» **What is being asked**:
What you return should match the data word for word, minus the images.

» **Available data**:
►

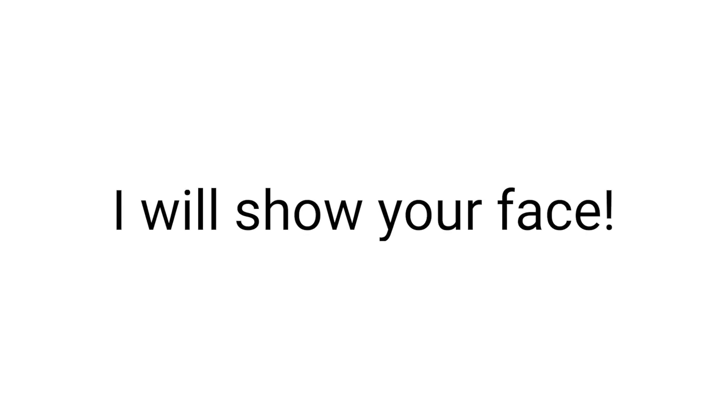Yes guys, I will show your face in this video. Yup, you heard it right.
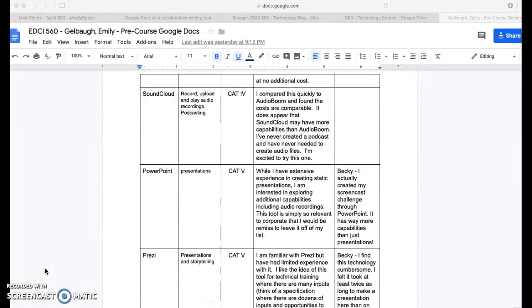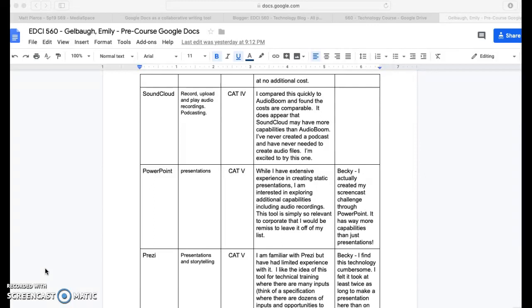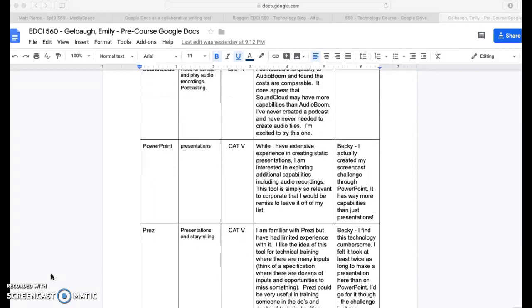Additionally, she actually recommended PowerPoint and said that she created her screencast challenge through PowerPoint. I've never done this, but definitely want to potentially do this myself since I work in the corporate field. I think this would be a very good skill to have.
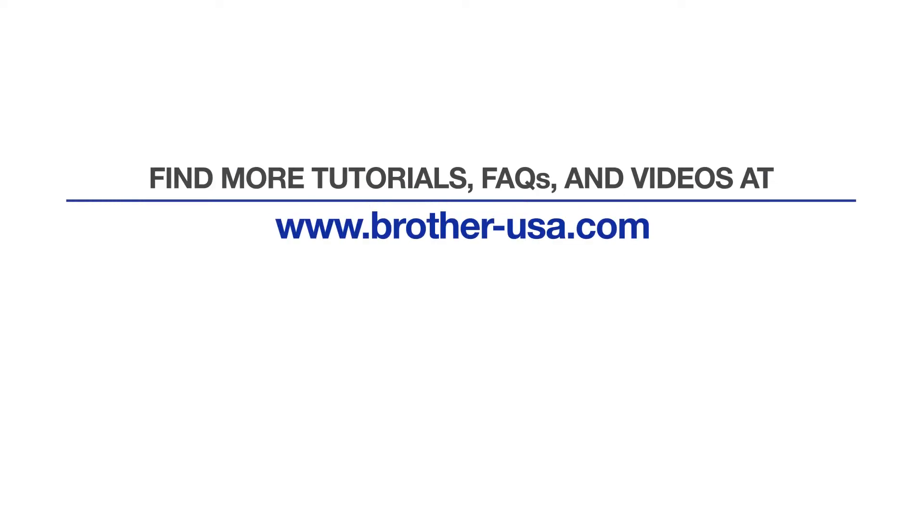For more tutorials, FAQs, and videos, visit us at www.brother-usa.com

◄

» **Solution for this exercise**:
Yes guys, I will show your face in this video. Yup, you heard it right.
Additionally, she actually recommended PowerPoint and said that she created her screencast challenge through PowerPoint. I've never done this, but definitely want to potentially do this myself since I work in the corporate field. I think this would be a very good skill to have.
For more tutorials, FAQs, and videos, visit us at www.brother-usa.com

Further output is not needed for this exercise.